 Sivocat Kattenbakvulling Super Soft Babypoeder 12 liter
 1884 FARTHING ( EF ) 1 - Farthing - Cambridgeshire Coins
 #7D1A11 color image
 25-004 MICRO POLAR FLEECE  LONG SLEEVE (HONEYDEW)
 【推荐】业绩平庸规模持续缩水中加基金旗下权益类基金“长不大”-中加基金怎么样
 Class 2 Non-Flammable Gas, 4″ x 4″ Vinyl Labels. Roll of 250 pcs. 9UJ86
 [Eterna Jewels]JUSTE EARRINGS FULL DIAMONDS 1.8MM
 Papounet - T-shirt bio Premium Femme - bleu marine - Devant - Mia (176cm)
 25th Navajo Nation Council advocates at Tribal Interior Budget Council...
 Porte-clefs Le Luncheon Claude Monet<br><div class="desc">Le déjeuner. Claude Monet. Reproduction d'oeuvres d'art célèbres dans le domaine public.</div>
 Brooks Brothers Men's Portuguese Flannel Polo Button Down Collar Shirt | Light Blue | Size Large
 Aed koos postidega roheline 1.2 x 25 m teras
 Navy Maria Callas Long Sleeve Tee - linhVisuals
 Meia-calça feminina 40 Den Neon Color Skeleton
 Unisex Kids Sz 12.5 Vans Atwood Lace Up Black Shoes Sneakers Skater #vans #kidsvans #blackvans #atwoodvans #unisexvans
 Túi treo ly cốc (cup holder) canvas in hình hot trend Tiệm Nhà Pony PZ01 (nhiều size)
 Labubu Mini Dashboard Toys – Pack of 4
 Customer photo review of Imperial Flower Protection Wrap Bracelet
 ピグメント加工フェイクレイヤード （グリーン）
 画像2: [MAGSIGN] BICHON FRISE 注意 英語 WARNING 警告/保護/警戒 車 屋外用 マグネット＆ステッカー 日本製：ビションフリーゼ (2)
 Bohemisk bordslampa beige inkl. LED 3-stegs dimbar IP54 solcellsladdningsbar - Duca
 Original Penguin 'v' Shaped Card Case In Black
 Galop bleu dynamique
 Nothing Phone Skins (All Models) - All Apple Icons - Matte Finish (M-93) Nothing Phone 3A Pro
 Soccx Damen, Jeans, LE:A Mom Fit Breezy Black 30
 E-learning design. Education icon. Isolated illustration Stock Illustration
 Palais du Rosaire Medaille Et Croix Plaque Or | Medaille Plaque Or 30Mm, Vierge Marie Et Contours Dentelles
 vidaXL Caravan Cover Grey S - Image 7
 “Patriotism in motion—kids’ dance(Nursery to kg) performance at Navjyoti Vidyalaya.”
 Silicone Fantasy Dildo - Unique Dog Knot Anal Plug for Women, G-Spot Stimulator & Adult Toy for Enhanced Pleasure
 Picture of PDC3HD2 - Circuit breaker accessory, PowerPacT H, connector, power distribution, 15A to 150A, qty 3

========

PROBLEM TO WORK ON:
Search the preceding listing for the word "Black" and pull out every line that holds it.

SOLUTION FOR THIS EXERCISE:
 Unisex Kids Sz 12.5 Vans Atwood Lace Up Black Shoes Sneakers Skater #vans #kidsvans #blackvans #atwoodvans #unisexvans
 Original Penguin 'v' Shaped Card Case In Black
 Soccx Damen, Jeans, LE:A Mom Fit Breezy Black 30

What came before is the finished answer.